→ TRY IT: Below, some lines carry pictures; leave those pictures out and retype exactly the lines from the one with "Brass Micro Pave" through the one with "Colorful French Bulldog".

→ TASK MATERIAL:
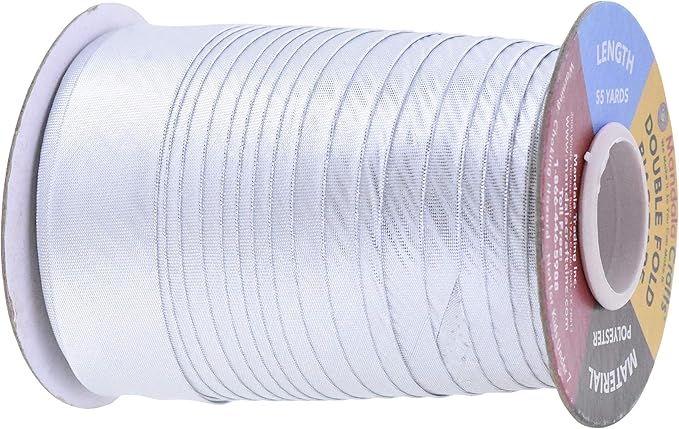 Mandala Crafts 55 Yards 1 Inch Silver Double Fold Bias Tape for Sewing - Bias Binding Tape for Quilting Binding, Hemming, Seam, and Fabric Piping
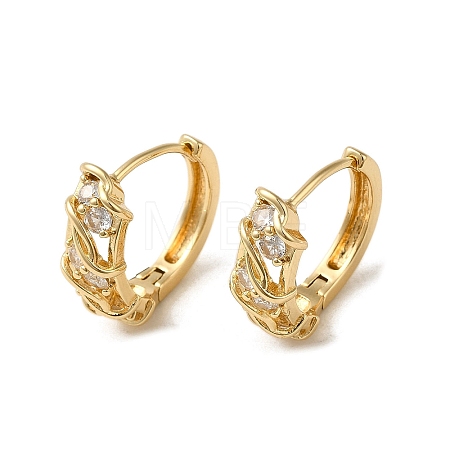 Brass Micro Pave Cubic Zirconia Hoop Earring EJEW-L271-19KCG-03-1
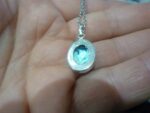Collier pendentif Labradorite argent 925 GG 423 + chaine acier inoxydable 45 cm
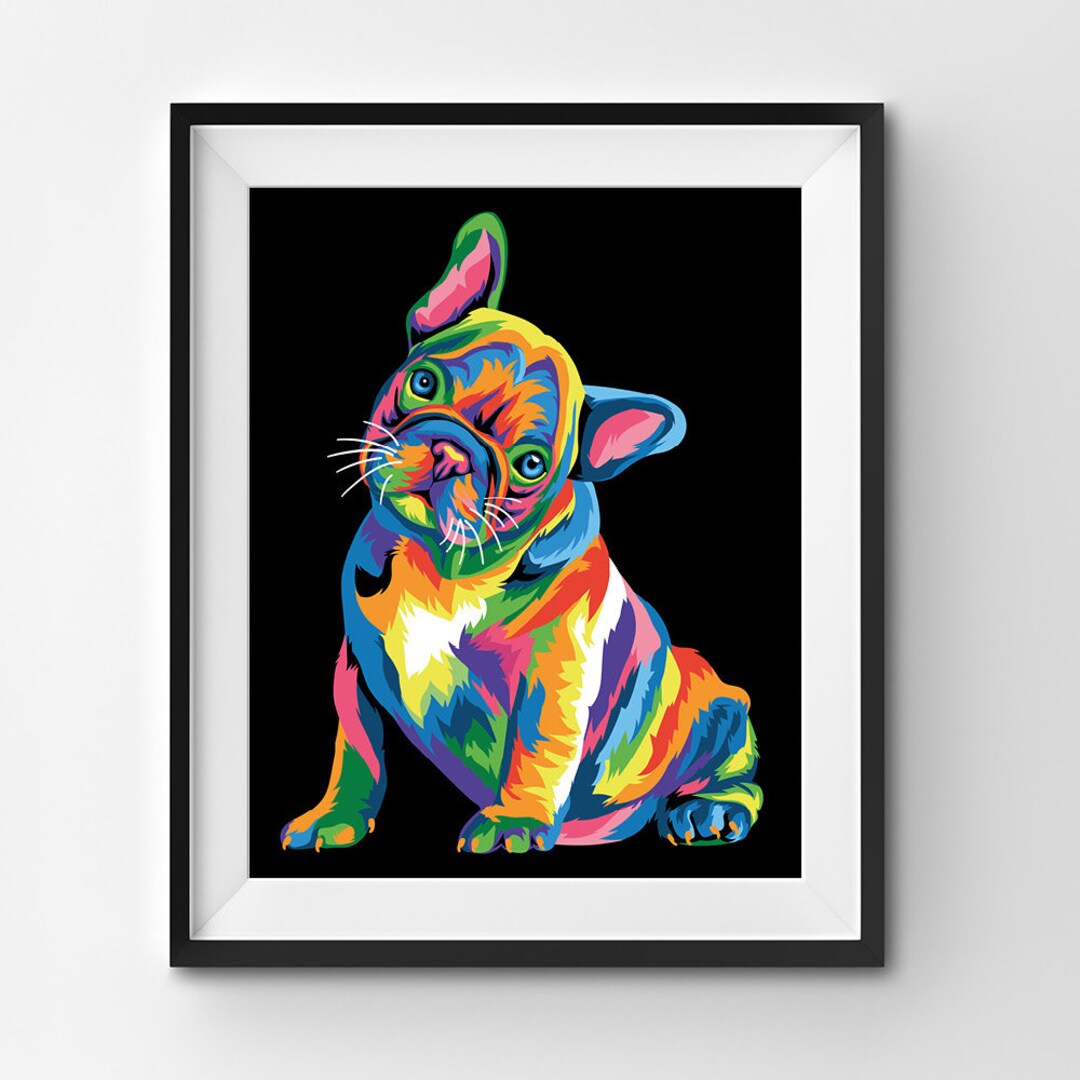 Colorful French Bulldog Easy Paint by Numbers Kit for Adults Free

---

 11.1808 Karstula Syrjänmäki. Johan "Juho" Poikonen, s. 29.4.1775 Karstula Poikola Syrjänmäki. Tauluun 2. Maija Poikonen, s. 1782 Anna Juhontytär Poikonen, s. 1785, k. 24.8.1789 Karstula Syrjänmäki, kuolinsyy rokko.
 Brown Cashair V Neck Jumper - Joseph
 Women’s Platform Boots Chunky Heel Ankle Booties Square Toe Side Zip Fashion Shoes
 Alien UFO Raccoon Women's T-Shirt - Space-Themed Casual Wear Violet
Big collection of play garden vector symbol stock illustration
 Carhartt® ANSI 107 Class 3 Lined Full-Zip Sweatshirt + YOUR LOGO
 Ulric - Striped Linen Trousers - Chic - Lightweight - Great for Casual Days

--

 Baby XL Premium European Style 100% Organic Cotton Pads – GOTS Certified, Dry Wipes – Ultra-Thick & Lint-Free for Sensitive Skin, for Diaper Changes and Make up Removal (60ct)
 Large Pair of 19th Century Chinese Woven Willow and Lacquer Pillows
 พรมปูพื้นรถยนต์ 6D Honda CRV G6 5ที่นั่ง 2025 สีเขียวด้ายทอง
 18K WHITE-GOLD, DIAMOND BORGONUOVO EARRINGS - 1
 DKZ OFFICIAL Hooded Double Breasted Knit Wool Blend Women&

→ REPLY TO THE TASK:
 Brass Micro Pave Cubic Zirconia Hoop Earring EJEW-L271-19KCG-03-1
Collier pendentif Labradorite argent 925 GG 423 + chaine acier inoxydable 45 cm
 Colorful French Bulldog Easy Paint by Numbers Kit for Adults Free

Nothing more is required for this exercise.